Exercise prompt:
Keep the pictures out. Write out every line of the listing exactly.

Data excerpt:
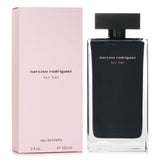 ナルシソロドリゲス　  For Her Eau De Toilette Spray   150ml/5oz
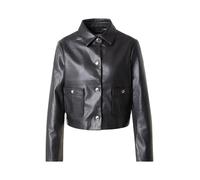 Morgan Veste mi-saison '251-GKISS' noir, Taille XXL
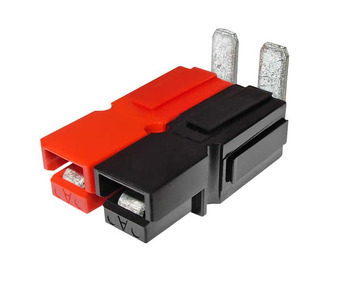 ASMPR45-1X2-RK Image.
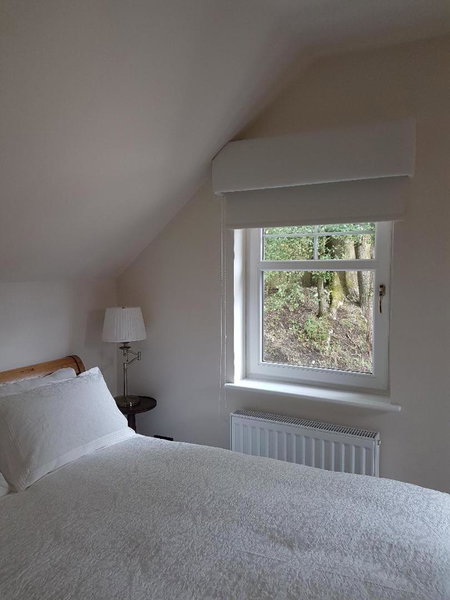 Station House Lanark Bed and Breakfast, Lanark, United Kingdom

Response to this exercise:
 ナルシソロドリゲス　  For Her Eau De Toilette Spray   150ml/5oz
 Morgan Veste mi-saison '251-GKISS' noir, Taille XXL
 ASMPR45-1X2-RK Image.
 Station House Lanark Bed and Breakfast, Lanark, United Kingdom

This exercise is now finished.